The Institute for American Values, which describes itself as "a private, nonpartisan organization devoted to contributing intellectually to the renewal of marriage and family life and the sources of competence, character, and citizenship," also receives Bradley and Scaife money, as well as grants from the John M. Olin Foundation, another major financer of conservative organizations. The Institute for American Values' board of directors includes William K. Tell Jr., a Manhattan Institute trustee and an adjunct fellow of the American Enterprise Institute. Its affiliate scholars include Manhattan Institute senior fellow Kay S. Hymowitz, and its academic advisers include American Enterprise Institute resident scholar Christina Hoff Sommers.
Gallagher's 1996 book, The Abolition of Marriage: How we Destroy Lasting Love, was published by Regnery Publishing, Inc., which describes itself as "the nation's preeminent conservative publisher."
McManus, who once wrote for TIME magazine, is president and co-chair of Marriage Savers, Inc., which describes itself as "a ministry that equips local communities, principally through local congregations, to help men and women to: [p]repare for lifelong marriage; [s]trengthen existing marriages, and [r]estore troubled marriage[s]." According to the Marriage Savers website, McManus has written his "Ethics and Religion" column since 1981, and it appears in about 50 papers weekly. McManus's columns have appeared in The Baltimore Sun, the Fort Worth Star-Telegram, the Cleveland Plain Dealer, and The Washington Times, among others. As Boehlert's Salon.com article reported, McManus promoted in his columns the Bush marriage initiative he was paid to promote. On the June 30, 2004, edition of CBS' The Early Show, McManus appeared to promote Marriage Savers as an example of a marriage education program the government was funding:
McMANUS: The fact of the matter is that we are failing in half of our new marriages, and the society has to pick up the cost. You and I have to pay more in taxes as a result of the failures of these relationships.
TRACY SMITH (Early Show correspondent): So in a move to promote domestic tranquility, the federal government is getting involved. It's actually part of the welfare reauthorization bill. What it means is that the federal government is spending millions on marriage education. And that begs the question: Is marital happiness something you can teach? The answer is, you can try.

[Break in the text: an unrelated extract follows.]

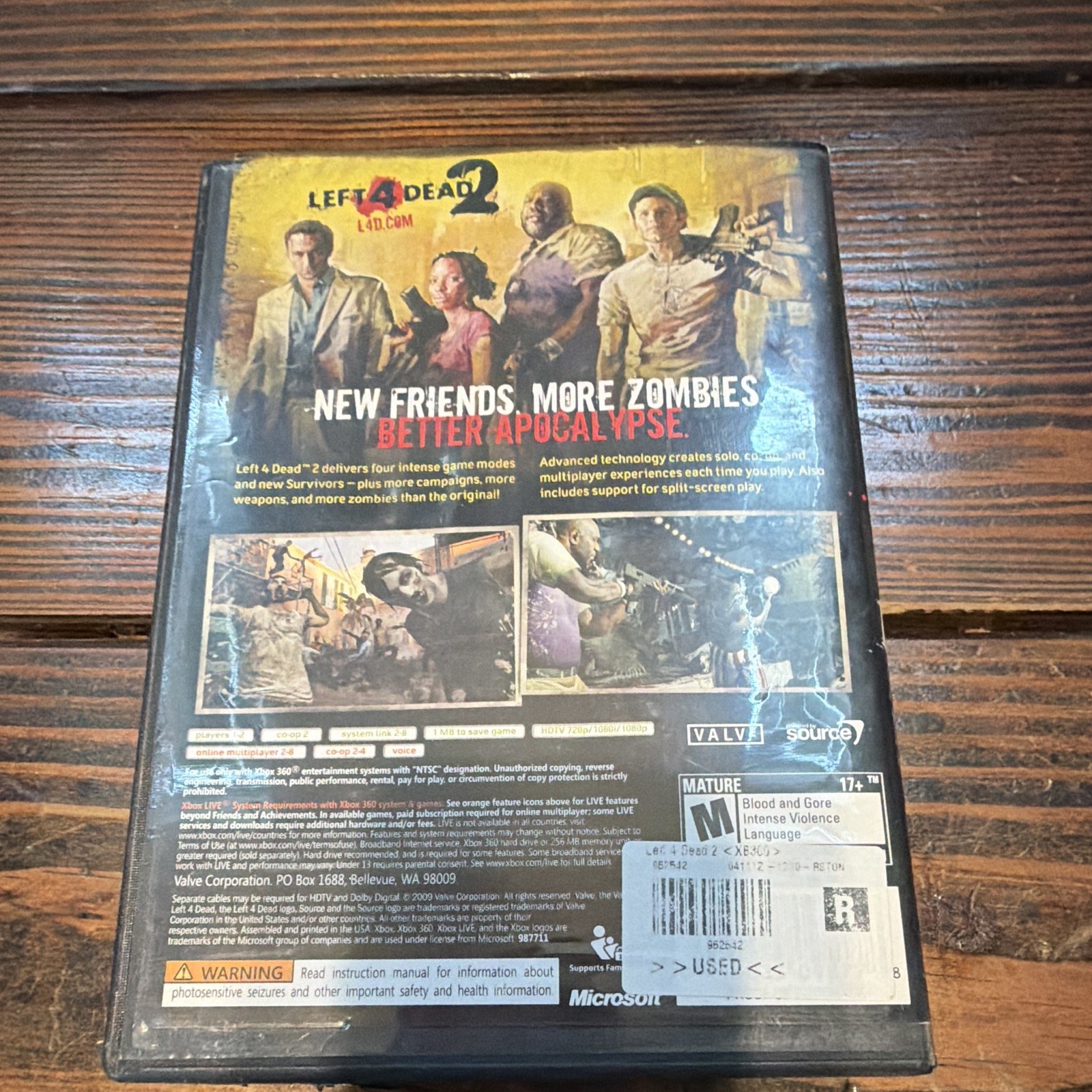 Valve Left 4 Dead 2 Multiplayer Co-op Online Xbox 360 M Mature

Mike and Harriet McManus, who've been married for more than two decades themselves, run Marriage Savers, a program to iron out problems before a couple says 'I do.' It all costs less than $20 a couple. The goal of government funding is to make programs like it affordable to lovebirds all over the country.
Salon.com also reported that Horn, who "has known McManus for years, says he first learned about the payment on Thursday [January 27]." Horn was a founding member of the Marriage Savers board. Marriage Savers also receives financial backing from the Scaife Foundations. And an article by McManus titled "Why is it in the Government's Interest to Save Marriages?" was published on The Heritage Foundation's website on February 25, 2002. The Center for American Progress reported that "Heritage also helped procure over $46,000 from HHS for Marriage Savers."
McManus also has ties to Gallagher: A laudatory review of The Case for Marriage appears on the Marriage Savers site. McManus has also cited Gallagher's work in his articles, such as the 2002 Heritage Foundation article cited above, a October 9, 1999, "Ethics and Religion" column, and a letter to the editor in the April 13, 2002, Washington Post. McManus also acknowledged that Gallagher edited "The Marriage Movement: A Statement of Principles," a statement of a "grass-roots movement to strengthen marriage" endorsed by McManus and others.